DATASET RECORDS ::
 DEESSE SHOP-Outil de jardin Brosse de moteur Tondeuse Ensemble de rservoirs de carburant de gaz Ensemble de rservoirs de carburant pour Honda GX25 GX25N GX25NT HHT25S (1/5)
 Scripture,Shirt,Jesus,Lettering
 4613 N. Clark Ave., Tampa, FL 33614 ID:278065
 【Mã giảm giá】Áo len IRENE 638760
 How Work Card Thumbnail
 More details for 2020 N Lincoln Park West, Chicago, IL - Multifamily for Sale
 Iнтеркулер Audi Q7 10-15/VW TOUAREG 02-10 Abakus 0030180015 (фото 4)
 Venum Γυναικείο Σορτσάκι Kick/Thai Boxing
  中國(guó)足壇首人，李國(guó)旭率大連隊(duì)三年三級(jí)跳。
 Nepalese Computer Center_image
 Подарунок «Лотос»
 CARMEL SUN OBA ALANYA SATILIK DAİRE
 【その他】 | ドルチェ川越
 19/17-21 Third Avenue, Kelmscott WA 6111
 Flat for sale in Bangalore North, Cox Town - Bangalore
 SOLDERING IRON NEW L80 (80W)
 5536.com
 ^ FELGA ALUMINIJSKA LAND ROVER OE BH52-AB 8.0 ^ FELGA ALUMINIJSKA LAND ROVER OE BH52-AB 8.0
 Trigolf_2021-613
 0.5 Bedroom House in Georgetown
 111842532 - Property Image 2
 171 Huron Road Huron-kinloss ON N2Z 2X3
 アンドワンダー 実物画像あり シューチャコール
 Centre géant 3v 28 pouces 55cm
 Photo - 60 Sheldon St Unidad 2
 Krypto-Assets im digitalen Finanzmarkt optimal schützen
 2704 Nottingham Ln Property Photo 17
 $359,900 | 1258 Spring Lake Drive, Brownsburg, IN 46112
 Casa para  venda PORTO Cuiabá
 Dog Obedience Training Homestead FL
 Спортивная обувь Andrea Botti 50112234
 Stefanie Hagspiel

BRIEF :: Repeat, word for word, the lines above between the line holding "Scripture,Shirt,Jesus,Lettering" and the line holding "Nepalese Computer Center_image", inclusive; omit everything else.

EXERCISE ANSWER ::
 Scripture,Shirt,Jesus,Lettering
 4613 N. Clark Ave., Tampa, FL 33614 ID:278065
 【Mã giảm giá】Áo len IRENE 638760
 How Work Card Thumbnail
 More details for 2020 N Lincoln Park West, Chicago, IL - Multifamily for Sale
 Iнтеркулер Audi Q7 10-15/VW TOUAREG 02-10 Abakus 0030180015 (фото 4)
 Venum Γυναικείο Σορτσάκι Kick/Thai Boxing
  中國(guó)足壇首人，李國(guó)旭率大連隊(duì)三年三級(jí)跳。
 Nepalese Computer Center_image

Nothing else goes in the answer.